Print the data below exactly as it stands, and keep the pictures out.

THE DATA
--
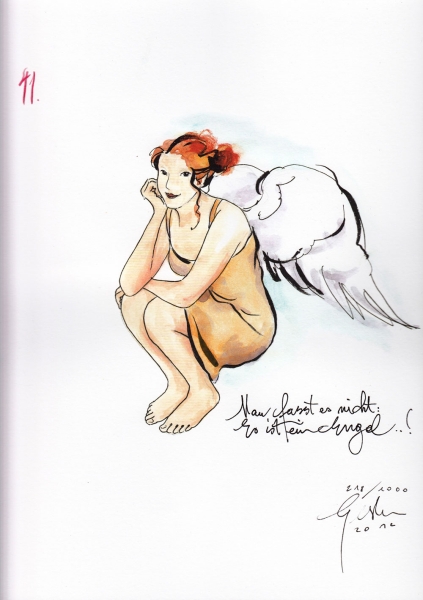 Sabine Gerke - Kunstdruck Engel Nr.: 11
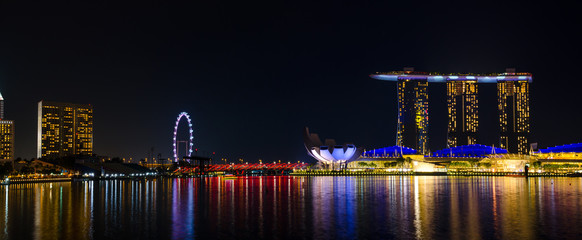 Fototapeta na wymiar Singapore panorama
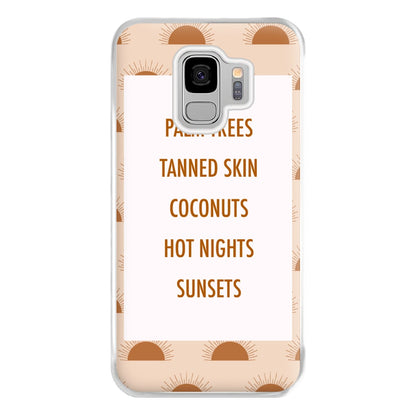 Summers Best Bits - Hot Girl Summer Phone Case for Galaxy S9 Plus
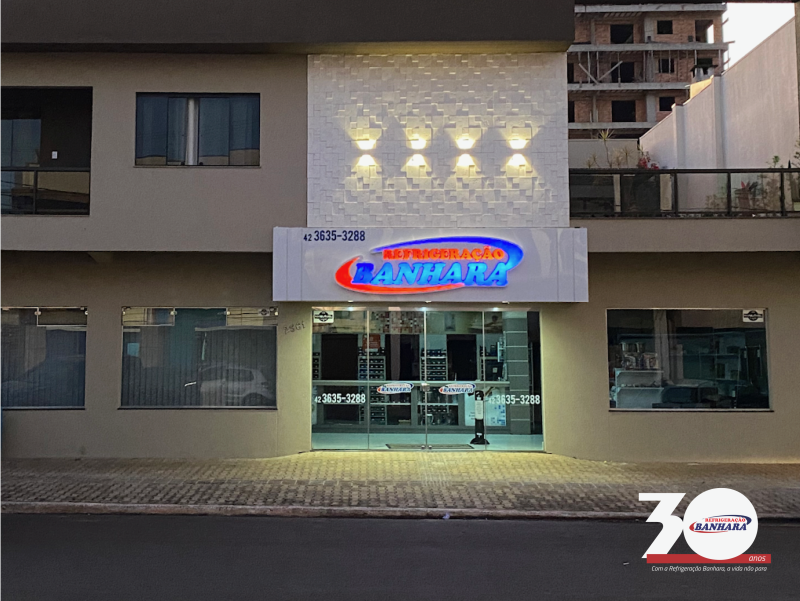RefrigeraÃ§Ã£o Banhara comemora 30 anos em Laranjeiras do Sul com campanha de aniversÃ¡rio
--
RESULT OF THE TASK
 Sabine Gerke - Kunstdruck Engel Nr.: 11
 Fototapeta na wymiar Singapore panorama
 Summers Best Bits - Hot Girl Summer Phone Case for Galaxy S9 Plus
RefrigeraÃ§Ã£o Banhara comemora 30 anos em Laranjeiras do Sul com campanha de aniversÃ¡rio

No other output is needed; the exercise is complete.